Identity Management & Secuirity

Identity management (ID management) is a broad administrative area that deals with identifying individuals in a system (such as a country, a network, or an enterprise) and controlling their access to resources within that system by associating user rights and restrictions with the established identity.
At the most basic level, identity management involves defining what users can do on the network with specific devices and under what circumstances. Today, many security products have an emphasis on managing mobile access to corporate systems. In an enterprise setting, identity management is used to increase security and productivity, while decreasing cost and redundant effort.
For security reasons, tools for managing identity management should run as an application on a dedicated network appliance or server, either on-premises or in the cloud. At the core of an identity management system are policies defining which devices and users are allowed on the network and what a user can accomplish, depending on his device type, location and other factors. All of this also depends on appropriate management console functionality, including policy definition, reporting, alerts, alarms and other common management and operations requirements. An alarm might be triggered, for example, when a specific user tries to access a resource for which they do not have permission. Reporting produces an audit log documenting what specific activities were initiated.

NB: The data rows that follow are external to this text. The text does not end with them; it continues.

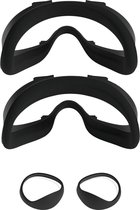 Oculus Quest 2 Fit Pack - Virtual Reality Set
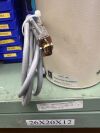 CAPINTEC CRC-15R RADIOISOTOPE CALIBRATOR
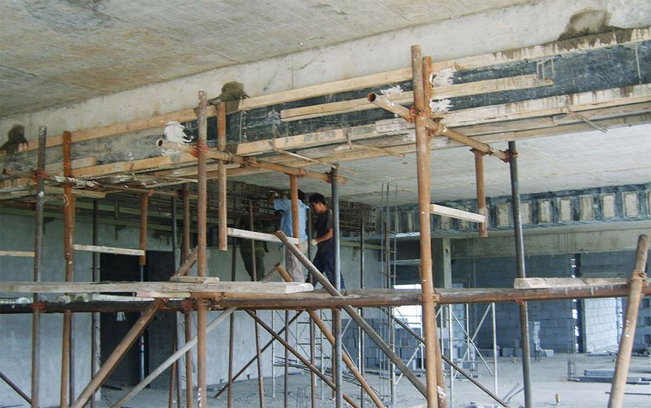 1583302131372489.jpg 7.jpg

Why Identity Management is Important


Identity Crisis

Sometimes, we’re our own worst enemies. A much-publicized 2007 Microsoft study showed the average employee had about seven logins to remember. Now we’re piling on SaaS and mobile applications while granting trusted status and network access to partners without fully vetting their security–and just ask one CIO whose organization was breached how that worked out. Yet just 27% of the 438 business technology professionals responding to our 2011 Information Week Identity Management Survey say their companies have what we consider comprehensive identity management (IdM) deployments, defined as company-wide internal IdM programs plus cross-domain use for outside vendors and partners. Adoption increases are miniscule since we last surveyed readers on IdM, in 2009.
No wonder people still use sticky notes to manage user names and passwords.


Single Sign In

Current Authentication solutions should leverage cross-domain federation with external suppliers, where each business acts as both an issuer and a consumer of identity credentials; the holy grail was to give users access via single sign-on to every member of the federation. Today, companies like Facebook and Twitter are advancing this concept by espousing “bring your own identity,” or BYOI. Vendors are finally committing to standards, like OAuth. It’s exciting stuff. But at the end of the day, you’re still on the hook to verify that people accessing sensitive data are who they say they are. And that remains a challenge.


More Agile Infrastructure

Identity and Access Management (IAM) addresses the mission-critical need to ensure appropriate access to resources across increasingly heterogeneous technology environments, and to meet increasingly rigorous compliance requirements. This security practice is a crucial undertaking for any enterprise. It is increasingly business-aligned, and it requires business skills, not just technical expertise.

Enterprises that develop mature IAM capabilities can reduce their identity management costs and, more importantly, become significantly more agile in supporting new business initiatives.

SCAD Solutions address IAM as a part of the core design!

IAM needs to be globally implemented

The ROI from identity management is directly dependent on how strictly an IT organization integrates all applications and services into its IdM program. Every single piece of software that isn’t connected, or is only partially so, requires a unique set of authentication and authorization processes, and that means pricey customization. Eventually, you have gaps.

Identity Management needs to consider third party access.

identity management has to be about more than just internal logins and identities. Most companies let suppliers and contractors access sensitive data. However, when you attempt to link your federation technology to that of an external party, you can generally forget having your IdM products communicate using the same language, because of a lack of widely adopted standards.

Integration can be challenging

most applications and network systems still can’t talk to IdM products, period: Surveys show that only 18% of those enrolling cloud/SaaS application authentication in their IdM program say these applications integrate with their user directories; 49% do expensive custom development to integrate with their SaaS providers, while 44% provision user access and manage passwords manually.